Senior UK lawmaker quizzed over rape, denies allegations

LONDON, (Reuters) – The deputy speaker of Britain’s parliament, Nigel Evans, was arrested at the weekend on suspicion of rape and sexual assault, but said on Sunday the allegations against him were “completely false”.

The 55-year-old member of Prime Minister David Cameron’s Conservative party was detained on Saturday over attacks allegedly carried out at his home in Lancashire, northern England between July 2009 and March of this year, police said.

After being granted bail, Evans told reporters: “Yesterday I was interviewed by the police concerning two complaints – one of which dates back four years – made by two people who are well known to each other and who until yesterday I had regarded as friends.
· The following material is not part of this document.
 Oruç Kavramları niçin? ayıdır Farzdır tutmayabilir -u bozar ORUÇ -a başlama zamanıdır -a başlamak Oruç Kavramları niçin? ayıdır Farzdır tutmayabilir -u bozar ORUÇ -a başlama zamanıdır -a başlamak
“The complaints are completely false and I cannot understand why they have been made, especially as I have continued to socialise with one as recently as last week.”

No further details of the complainants have been released by Lancashire police.

Evans, who has been a Member of Parliament for some 20 years, was elected as one of three deputy speakers three years ago.

The role mainly involves adjudicating the often noisy and fractious debates between Britain’s rival parties who face each other across the floor of the House of Commons, parliament’s lower chamber.

Evans, who announced to a newspaper in 2010 that he was gay, was vice-chairman of the Conservative party from 1999 to 2001 and shadow Welsh Secretary for two years after that while the Conservatives were in opposition.